(DIRECTIONS FOR THIS TASK) Set down exactly, from the records below, the line with "Cover Financial Infidelity (eBook, ePUB)" through the line with "Firebird Adicolor jean", and nothing else.

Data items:
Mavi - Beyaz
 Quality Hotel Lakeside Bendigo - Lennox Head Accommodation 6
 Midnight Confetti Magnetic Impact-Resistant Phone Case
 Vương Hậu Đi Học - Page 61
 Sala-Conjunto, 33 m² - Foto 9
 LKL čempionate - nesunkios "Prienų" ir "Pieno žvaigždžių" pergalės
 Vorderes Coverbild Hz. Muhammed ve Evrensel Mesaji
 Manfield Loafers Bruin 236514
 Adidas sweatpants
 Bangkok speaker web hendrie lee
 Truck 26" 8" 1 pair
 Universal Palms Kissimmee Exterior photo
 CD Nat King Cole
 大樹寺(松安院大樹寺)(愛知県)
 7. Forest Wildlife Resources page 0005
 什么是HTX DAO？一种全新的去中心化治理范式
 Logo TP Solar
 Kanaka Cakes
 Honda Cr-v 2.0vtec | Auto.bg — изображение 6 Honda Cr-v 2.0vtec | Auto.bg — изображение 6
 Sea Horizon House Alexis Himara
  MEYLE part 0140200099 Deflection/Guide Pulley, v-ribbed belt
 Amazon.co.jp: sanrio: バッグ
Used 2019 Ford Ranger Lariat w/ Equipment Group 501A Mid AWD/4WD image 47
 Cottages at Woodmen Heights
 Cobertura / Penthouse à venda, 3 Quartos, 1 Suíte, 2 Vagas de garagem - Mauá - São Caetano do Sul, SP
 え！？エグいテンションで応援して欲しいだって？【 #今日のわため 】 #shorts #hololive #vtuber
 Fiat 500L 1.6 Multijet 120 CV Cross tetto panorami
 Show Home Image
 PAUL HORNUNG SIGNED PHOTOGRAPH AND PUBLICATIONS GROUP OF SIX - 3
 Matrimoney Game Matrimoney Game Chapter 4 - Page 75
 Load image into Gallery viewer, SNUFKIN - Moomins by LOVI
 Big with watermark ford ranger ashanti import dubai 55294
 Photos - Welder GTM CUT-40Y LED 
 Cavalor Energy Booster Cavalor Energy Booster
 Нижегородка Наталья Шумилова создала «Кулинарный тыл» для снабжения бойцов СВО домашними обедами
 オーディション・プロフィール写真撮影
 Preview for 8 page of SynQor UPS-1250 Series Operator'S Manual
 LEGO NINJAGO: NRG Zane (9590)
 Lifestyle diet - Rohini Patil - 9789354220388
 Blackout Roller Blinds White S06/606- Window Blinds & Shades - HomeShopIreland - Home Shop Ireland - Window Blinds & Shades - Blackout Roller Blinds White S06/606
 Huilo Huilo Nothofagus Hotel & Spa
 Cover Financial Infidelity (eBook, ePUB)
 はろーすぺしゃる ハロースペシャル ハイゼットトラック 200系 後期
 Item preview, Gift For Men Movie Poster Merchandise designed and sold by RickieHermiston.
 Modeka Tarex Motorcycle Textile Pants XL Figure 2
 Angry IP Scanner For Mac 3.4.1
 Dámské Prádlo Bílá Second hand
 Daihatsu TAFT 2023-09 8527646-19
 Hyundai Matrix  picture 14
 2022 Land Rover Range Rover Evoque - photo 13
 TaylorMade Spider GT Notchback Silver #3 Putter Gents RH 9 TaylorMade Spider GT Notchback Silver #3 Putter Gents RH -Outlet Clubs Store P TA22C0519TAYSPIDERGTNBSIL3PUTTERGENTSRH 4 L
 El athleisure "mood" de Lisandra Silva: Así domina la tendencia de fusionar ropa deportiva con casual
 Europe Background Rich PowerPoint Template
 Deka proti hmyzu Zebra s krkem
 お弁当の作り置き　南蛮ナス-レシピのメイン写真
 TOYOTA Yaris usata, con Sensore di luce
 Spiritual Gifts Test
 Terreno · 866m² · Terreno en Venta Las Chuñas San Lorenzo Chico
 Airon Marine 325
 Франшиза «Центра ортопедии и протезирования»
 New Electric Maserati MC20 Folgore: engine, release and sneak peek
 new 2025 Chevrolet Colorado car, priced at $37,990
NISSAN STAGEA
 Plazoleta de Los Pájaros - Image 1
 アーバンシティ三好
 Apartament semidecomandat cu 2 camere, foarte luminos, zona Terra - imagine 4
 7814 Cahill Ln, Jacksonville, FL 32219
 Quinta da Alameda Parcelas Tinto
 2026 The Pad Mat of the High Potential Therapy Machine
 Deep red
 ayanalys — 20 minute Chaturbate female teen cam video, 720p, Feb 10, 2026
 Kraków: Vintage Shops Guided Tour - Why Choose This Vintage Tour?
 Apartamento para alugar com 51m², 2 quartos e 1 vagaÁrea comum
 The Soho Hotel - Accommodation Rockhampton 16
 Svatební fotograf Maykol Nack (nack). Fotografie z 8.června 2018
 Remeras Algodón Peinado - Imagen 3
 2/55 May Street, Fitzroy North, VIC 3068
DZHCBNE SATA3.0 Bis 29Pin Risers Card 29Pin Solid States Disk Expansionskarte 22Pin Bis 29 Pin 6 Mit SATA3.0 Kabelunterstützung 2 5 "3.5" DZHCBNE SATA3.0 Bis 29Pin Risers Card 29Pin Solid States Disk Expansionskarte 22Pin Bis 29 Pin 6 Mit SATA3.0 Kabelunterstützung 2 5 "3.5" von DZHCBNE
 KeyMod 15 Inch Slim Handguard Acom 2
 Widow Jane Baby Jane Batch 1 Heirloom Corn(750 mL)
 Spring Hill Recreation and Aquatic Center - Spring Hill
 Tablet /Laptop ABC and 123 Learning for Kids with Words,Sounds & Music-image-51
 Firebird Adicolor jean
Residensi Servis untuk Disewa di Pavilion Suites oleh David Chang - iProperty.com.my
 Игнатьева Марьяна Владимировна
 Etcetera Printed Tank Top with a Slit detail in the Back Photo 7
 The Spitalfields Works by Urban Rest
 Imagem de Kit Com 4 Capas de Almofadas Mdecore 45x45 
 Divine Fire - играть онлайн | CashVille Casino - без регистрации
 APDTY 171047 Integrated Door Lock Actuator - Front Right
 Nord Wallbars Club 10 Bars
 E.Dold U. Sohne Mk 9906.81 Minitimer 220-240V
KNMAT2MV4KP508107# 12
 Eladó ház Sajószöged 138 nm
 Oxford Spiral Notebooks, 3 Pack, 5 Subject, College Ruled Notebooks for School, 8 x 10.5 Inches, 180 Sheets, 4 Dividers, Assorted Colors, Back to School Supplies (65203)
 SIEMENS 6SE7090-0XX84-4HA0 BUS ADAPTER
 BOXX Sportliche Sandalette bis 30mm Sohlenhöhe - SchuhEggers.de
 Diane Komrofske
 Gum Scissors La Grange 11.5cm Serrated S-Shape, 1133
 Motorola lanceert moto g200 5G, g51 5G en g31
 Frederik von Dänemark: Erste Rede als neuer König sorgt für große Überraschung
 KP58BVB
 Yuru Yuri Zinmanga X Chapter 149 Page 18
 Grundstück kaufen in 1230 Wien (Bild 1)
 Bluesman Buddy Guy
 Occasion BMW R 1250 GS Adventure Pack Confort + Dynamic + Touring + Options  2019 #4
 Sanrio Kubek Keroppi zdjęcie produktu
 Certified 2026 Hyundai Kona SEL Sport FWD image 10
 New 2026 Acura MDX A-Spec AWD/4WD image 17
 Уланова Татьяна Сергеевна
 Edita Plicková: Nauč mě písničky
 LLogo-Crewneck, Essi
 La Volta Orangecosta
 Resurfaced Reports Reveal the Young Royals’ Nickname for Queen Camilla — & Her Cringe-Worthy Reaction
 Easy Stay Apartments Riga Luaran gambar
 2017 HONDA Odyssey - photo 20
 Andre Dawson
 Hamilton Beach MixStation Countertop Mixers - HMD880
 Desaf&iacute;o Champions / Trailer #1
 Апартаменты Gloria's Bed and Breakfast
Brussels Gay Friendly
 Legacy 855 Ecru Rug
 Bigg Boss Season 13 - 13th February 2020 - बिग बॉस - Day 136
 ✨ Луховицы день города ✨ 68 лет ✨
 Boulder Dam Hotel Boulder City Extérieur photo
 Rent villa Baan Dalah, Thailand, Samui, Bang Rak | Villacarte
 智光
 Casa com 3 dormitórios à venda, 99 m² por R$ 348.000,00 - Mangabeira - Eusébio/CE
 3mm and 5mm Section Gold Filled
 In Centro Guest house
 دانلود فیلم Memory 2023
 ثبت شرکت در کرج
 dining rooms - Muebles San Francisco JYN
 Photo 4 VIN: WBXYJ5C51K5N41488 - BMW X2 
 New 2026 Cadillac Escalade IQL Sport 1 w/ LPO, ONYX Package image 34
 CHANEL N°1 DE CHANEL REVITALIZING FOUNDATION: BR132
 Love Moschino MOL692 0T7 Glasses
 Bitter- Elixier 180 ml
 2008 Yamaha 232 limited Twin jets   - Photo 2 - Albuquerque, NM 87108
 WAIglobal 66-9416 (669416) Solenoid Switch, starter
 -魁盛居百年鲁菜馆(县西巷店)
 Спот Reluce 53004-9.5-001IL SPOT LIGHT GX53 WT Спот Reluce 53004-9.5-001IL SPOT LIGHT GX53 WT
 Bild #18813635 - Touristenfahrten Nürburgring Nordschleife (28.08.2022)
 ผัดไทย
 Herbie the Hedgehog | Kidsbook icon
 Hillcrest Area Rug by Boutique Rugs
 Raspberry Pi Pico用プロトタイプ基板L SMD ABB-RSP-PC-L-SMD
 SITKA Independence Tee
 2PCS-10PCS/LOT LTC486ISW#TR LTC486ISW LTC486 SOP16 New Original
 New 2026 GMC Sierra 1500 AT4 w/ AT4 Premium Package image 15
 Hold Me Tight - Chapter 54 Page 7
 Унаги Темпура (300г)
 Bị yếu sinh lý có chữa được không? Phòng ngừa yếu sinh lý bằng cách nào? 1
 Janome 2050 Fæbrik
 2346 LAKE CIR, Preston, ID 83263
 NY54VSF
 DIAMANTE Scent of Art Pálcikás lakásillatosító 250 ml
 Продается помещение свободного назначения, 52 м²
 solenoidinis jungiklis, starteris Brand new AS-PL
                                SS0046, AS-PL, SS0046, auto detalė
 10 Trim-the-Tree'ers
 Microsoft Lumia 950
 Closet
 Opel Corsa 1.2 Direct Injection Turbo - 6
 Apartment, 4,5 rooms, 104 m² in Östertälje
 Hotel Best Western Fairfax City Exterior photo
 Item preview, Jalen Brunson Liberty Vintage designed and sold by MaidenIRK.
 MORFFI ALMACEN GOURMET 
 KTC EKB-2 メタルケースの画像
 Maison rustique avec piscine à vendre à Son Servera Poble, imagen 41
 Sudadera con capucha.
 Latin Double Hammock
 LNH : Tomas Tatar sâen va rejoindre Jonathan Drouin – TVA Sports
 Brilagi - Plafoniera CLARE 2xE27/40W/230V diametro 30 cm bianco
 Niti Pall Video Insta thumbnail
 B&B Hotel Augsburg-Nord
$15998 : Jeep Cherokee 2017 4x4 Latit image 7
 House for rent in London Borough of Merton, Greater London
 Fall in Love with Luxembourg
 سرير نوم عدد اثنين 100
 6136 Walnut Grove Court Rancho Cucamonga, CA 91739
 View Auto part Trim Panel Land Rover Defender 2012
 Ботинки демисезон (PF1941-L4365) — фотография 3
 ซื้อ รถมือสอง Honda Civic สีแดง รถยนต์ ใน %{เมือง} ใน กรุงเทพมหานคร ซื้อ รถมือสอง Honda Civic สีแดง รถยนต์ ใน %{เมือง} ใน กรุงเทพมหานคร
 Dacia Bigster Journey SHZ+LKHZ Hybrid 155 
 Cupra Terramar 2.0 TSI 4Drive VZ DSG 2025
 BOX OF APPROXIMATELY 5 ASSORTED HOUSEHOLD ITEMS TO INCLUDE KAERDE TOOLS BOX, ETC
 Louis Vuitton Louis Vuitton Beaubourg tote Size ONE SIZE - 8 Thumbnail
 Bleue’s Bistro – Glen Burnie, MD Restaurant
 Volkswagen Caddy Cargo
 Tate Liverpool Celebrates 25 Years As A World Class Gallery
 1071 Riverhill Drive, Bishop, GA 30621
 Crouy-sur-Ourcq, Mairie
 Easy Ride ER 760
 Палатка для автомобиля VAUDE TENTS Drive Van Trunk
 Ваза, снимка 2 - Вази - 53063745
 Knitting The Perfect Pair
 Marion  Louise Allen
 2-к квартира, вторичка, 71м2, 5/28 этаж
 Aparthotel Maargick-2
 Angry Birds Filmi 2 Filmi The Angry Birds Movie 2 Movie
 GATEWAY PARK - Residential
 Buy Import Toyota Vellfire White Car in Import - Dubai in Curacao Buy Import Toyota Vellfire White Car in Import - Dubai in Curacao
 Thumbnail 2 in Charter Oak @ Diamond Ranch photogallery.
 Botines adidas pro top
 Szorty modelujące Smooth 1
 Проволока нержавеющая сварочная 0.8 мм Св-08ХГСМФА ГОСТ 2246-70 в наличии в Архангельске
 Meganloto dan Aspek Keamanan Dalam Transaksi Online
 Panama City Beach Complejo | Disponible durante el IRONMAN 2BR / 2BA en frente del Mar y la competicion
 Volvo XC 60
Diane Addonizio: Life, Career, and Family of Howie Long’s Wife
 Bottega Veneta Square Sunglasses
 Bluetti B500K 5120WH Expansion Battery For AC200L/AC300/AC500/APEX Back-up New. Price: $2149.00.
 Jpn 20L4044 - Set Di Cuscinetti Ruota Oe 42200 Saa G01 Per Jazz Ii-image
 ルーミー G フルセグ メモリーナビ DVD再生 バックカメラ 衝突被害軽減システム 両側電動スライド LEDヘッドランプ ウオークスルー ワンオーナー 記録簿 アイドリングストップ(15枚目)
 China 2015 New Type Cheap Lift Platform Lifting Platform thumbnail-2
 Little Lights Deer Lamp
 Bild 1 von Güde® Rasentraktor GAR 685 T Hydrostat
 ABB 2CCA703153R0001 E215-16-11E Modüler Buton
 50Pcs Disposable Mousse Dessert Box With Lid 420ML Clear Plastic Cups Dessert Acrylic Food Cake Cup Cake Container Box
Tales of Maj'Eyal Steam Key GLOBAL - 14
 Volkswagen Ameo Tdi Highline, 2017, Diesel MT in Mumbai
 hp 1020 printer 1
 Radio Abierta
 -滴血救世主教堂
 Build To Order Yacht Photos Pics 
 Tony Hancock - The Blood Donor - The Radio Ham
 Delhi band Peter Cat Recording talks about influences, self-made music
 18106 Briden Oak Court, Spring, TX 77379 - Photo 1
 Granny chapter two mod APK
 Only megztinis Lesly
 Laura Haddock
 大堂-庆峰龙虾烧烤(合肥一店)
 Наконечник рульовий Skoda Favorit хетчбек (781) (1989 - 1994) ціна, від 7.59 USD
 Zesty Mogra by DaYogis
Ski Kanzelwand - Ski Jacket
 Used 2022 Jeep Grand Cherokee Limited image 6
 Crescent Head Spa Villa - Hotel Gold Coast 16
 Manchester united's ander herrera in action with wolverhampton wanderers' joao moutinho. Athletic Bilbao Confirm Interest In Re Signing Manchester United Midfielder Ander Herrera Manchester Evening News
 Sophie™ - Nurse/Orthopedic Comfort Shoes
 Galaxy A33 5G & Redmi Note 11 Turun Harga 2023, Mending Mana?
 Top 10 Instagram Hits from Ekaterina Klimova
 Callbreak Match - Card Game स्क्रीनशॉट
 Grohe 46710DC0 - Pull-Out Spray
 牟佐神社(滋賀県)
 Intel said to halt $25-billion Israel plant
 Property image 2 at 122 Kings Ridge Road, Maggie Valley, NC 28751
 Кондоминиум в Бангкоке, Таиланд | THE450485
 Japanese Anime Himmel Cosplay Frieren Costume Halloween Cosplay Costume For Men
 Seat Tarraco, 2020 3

(ANSWER FOR THIS EXERCISE)
 Cover Financial Infidelity (eBook, ePUB)
 はろーすぺしゃる ハロースペシャル ハイゼットトラック 200系 後期
 Item preview, Gift For Men Movie Poster Merchandise designed and sold by RickieHermiston.
 Modeka Tarex Motorcycle Textile Pants XL Figure 2
 Angry IP Scanner For Mac 3.4.1
 Dámské Prádlo Bílá Second hand
 Daihatsu TAFT 2023-09 8527646-19
 Hyundai Matrix  picture 14
 2022 Land Rover Range Rover Evoque - photo 13
 TaylorMade Spider GT Notchback Silver #3 Putter Gents RH 9 TaylorMade Spider GT Notchback Silver #3 Putter Gents RH -Outlet Clubs Store P TA22C0519TAYSPIDERGTNBSIL3PUTTERGENTSRH 4 L
 El athleisure "mood" de Lisandra Silva: Así domina la tendencia de fusionar ropa deportiva con casual
 Europe Background Rich PowerPoint Template
 Deka proti hmyzu Zebra s krkem
 お弁当の作り置き　南蛮ナス-レシピのメイン写真
 TOYOTA Yaris usata, con Sensore di luce
 Spiritual Gifts Test
 Terreno · 866m² · Terreno en Venta Las Chuñas San Lorenzo Chico
 Airon Marine 325
 Франшиза «Центра ортопедии и протезирования»
 New Electric Maserati MC20 Folgore: engine, release and sneak peek
 new 2025 Chevrolet Colorado car, priced at $37,990
NISSAN STAGEA
 Plazoleta de Los Pájaros - Image 1
 アーバンシティ三好
 Apartament semidecomandat cu 2 camere, foarte luminos, zona Terra - imagine 4
 7814 Cahill Ln, Jacksonville, FL 32219
 Quinta da Alameda Parcelas Tinto
 2026 The Pad Mat of the High Potential Therapy Machine
 Deep red
 ayanalys — 20 minute Chaturbate female teen cam video, 720p, Feb 10, 2026
 Kraków: Vintage Shops Guided Tour - Why Choose This Vintage Tour?
 Apartamento para alugar com 51m², 2 quartos e 1 vagaÁrea comum
 The Soho Hotel - Accommodation Rockhampton 16
 Svatební fotograf Maykol Nack (nack). Fotografie z 8.června 2018
 Remeras Algodón Peinado - Imagen 3
 2/55 May Street, Fitzroy North, VIC 3068
DZHCBNE SATA3.0 Bis 29Pin Risers Card 29Pin Solid States Disk Expansionskarte 22Pin Bis 29 Pin 6 Mit SATA3.0 Kabelunterstützung 2 5 "3.5" DZHCBNE SATA3.0 Bis 29Pin Risers Card 29Pin Solid States Disk Expansionskarte 22Pin Bis 29 Pin 6 Mit SATA3.0 Kabelunterstützung 2 5 "3.5" von DZHCBNE
 KeyMod 15 Inch Slim Handguard Acom 2
 Widow Jane Baby Jane Batch 1 Heirloom Corn(750 mL)
 Spring Hill Recreation and Aquatic Center - Spring Hill
 Tablet /Laptop ABC and 123 Learning for Kids with Words,Sounds & Music-image-51
 Firebird Adicolor jean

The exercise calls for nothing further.